A few weeks ago this House Wren started building a nest in this bird house. It seemed to have abandoned it because this was the last time I saw it on the bird house.

 

The ferns are unfolding on the farm.

The Downy Yellow Violets are now blooming on the farm.

Downy Yellow Violet

I can’t resist taking photos of Dandelions.

 

 

This is the first time that I have captured Coyote pups on my trail cam. There appeared to be five of them and the were around for a couple of days.

I am also starting to see quite a few White-tailed Deer bucks. Most of them just have nubs sticking up but this one has the start of a nice rack.

There was also one Wild Turkey that turned up.

M2E54L159-159R399B382

 

We encountered this male Ring-necked Pheasant and its mate walking along the road on our evening walk.

 

The Grey Catbirds are now feeding on the Grape Jelly along with the Rose-breasted Grosbeaks and the Baltimore Orioles. The catbirds used to build a nest near the feeder but we removed the lilac bush near the feeder. I now see they out in the woods.

 

I have Easter Bluebirds nesting around the farm. Every so often one comes to the bird bath. They usually visit after they are off of the nest. I happened to catch this one just after it took a bath. I spent about fifteen minutes watching this female it go through, what appears to be, a drying routine. It was really hilarious.

 

It was a dreary rainy day out and I was wondering what to do with my time. I heard a loud racket outside of the kitchen window so I walked over to see what was going on. There were a couple of House Wrens sitting near a birdhouse that I had installed just outside the kitchen window.

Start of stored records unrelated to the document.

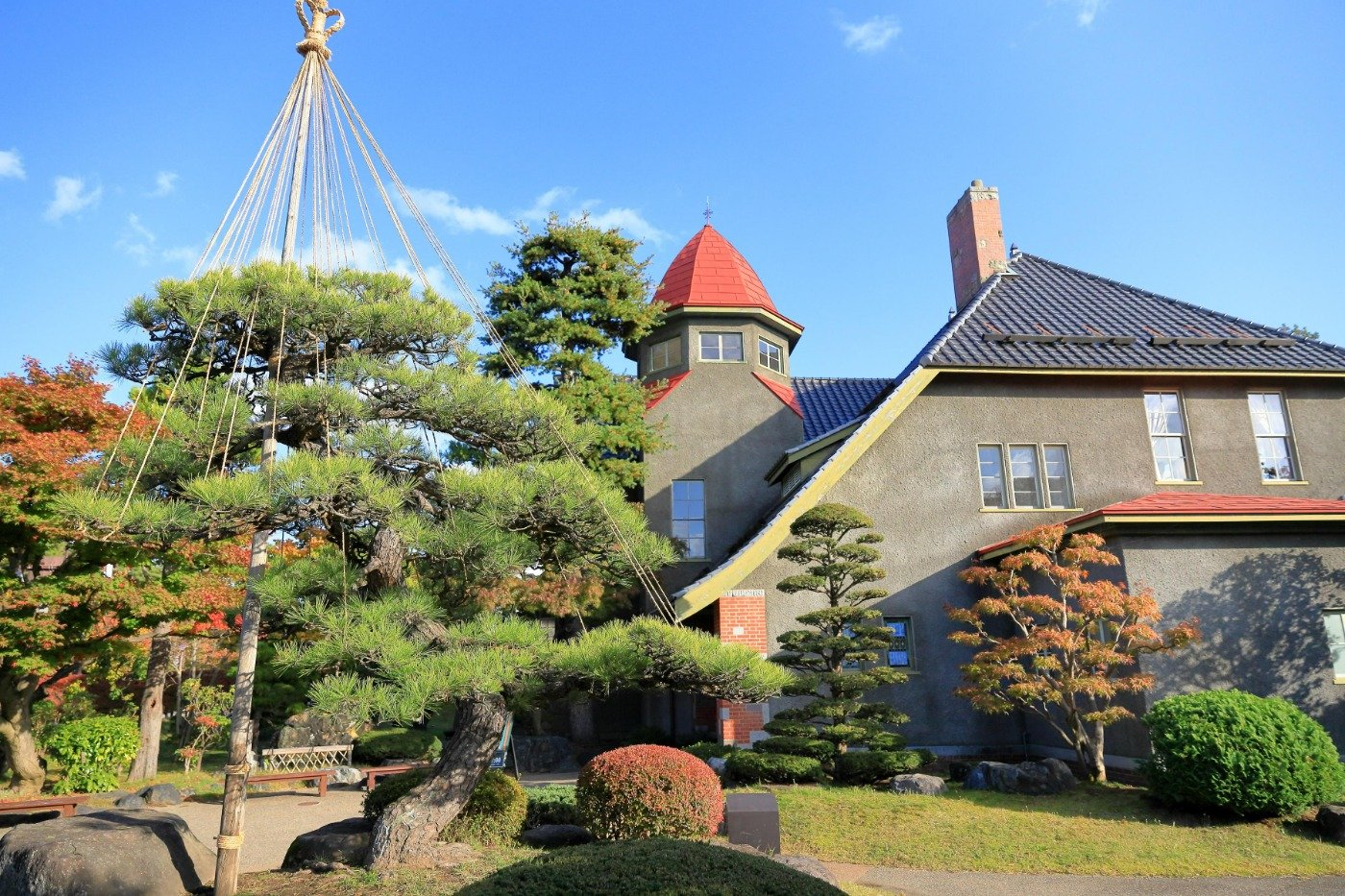 洋館は、グレーの壁に塔屋の赤が絶妙なアクセント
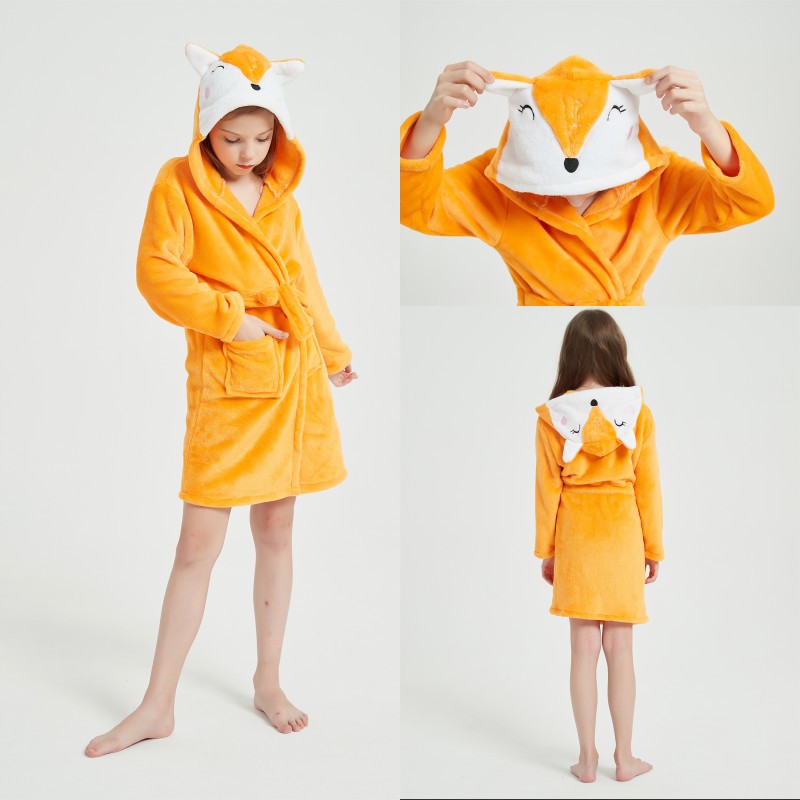 Children's flannel bathrobes for autumn and winter warmth, animal pajamas, and home wear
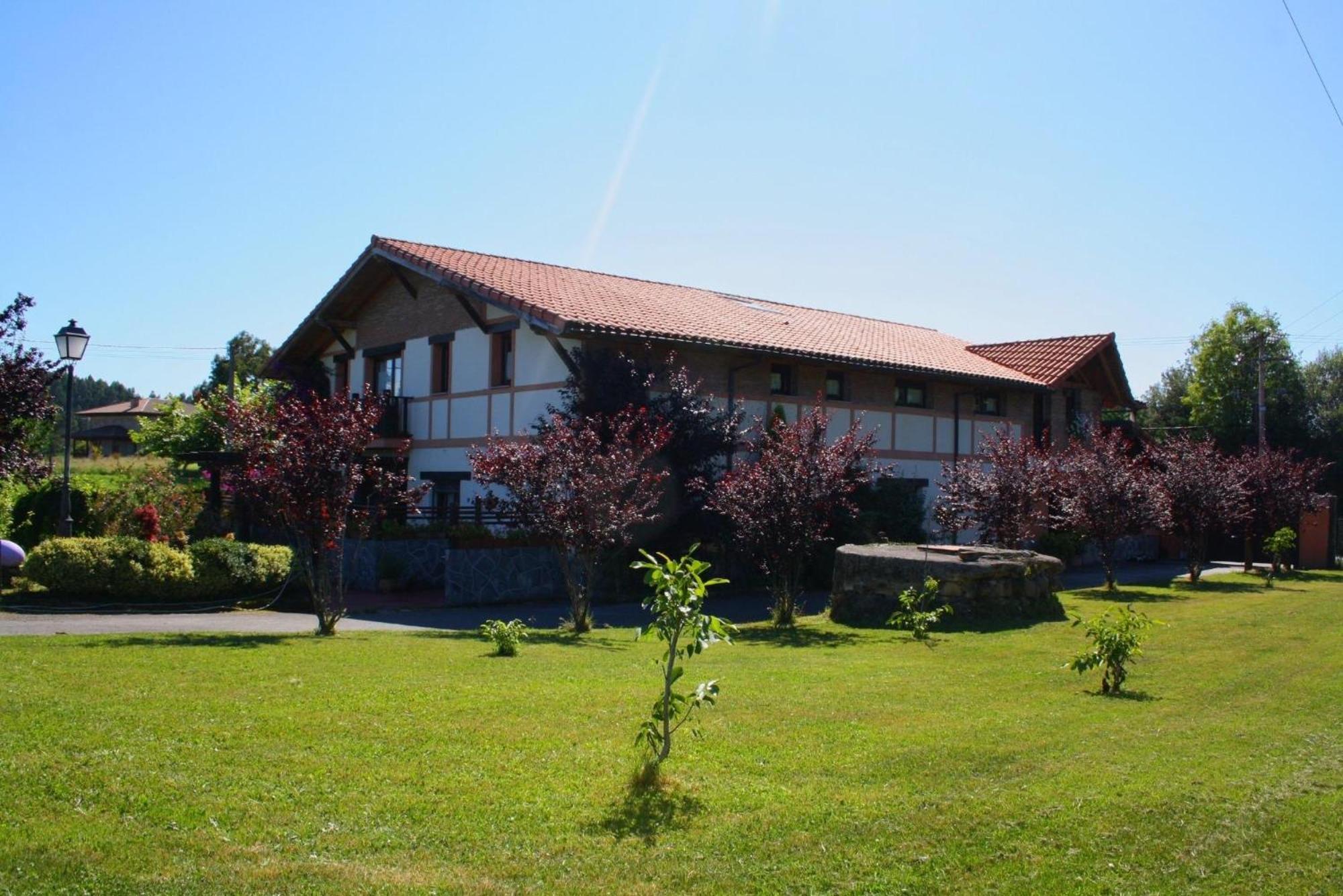 Gasthaus H&Ap Rural Merrutxu Ibarrangelu Exterior foto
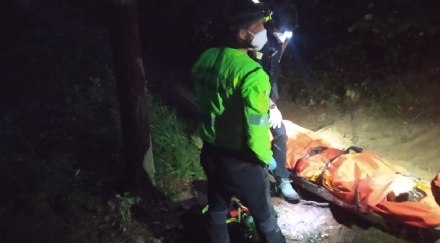 PIOSSASCO - Escursionista cade e si rompe una gamba: salvata dal Soccorso Alpino - FOTO
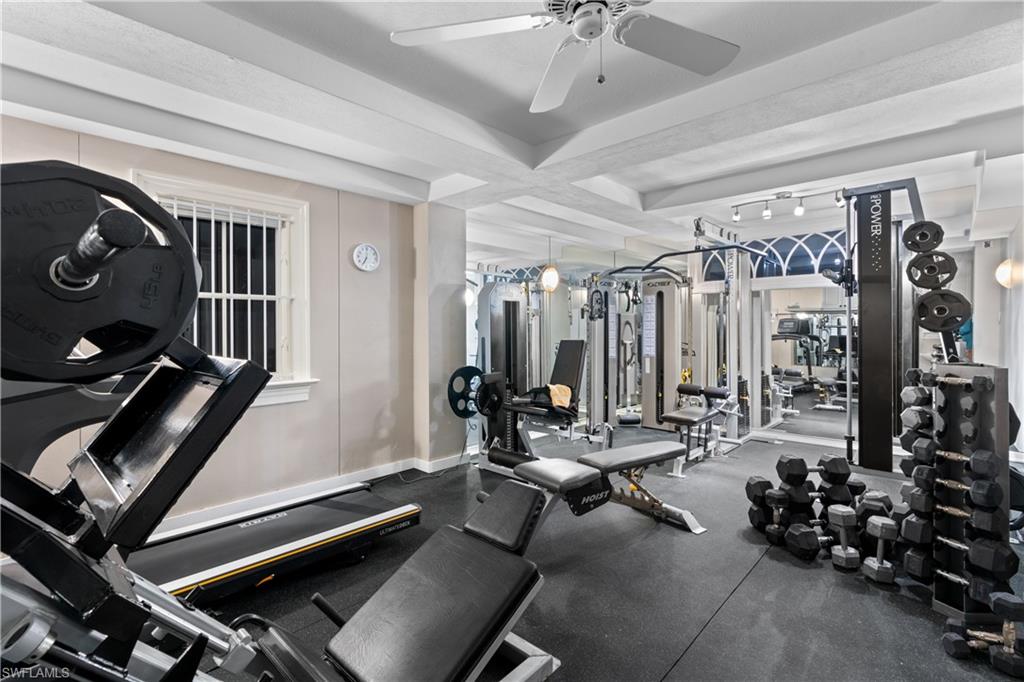 40 5th Avenue South Naples, FL 34102 - Photo 42 of 44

I have bird houses around the edge of the lawn and have been photographing birds using a blind that I set up in the yard. Several years ago I decided to try and put up a bird house just outside the kitchen window and near the deck and see if I could attract nesting birds. If I was successful it would make it much easier to photograph the birds. The first year I had a pair of Eastern Bluebirds use it for their second brood so I was able to photograph them from nest building to fledgling. The last few years no one wanted to use it. I was excited that some wrens wanted to use it although I was a little apprehensive that their constant singing would wake me up in the morning.

 

The male appeared to be doing the nest building and the female was cheering him on with her constant singing. She was also fluttering her wings much like young birds do when they are excited about being fed by their parents.

This process went on for most of the morning and into the afternoon. At several points a male sparrow turned up and started looking at the nest. Since I preferred having a wren use the nest I opened the window and hollered at the sparrow. After a few visits he seemed to loose interest.

The male continued working on the nest. The female would fly to the house periodically to inspect the nest.

By mid afternoon they seemed to be done working on the nest. I gather that the male puts a few twigs in the house and the female then checks it out. If she likes it she will fill the house with twigs and finish the nest.

I kept watching the house for the next week but didn’t see any more activity on the part of the wrens.  I checked the house and found about a dozen small twigs. Apparently this wasn’t good enough for the female. About this time a pair of Eastern Bluebirds started looking at the house. They had just fledged their first brood at another house at the edge of the lawn. I had been photographing them feeding the young.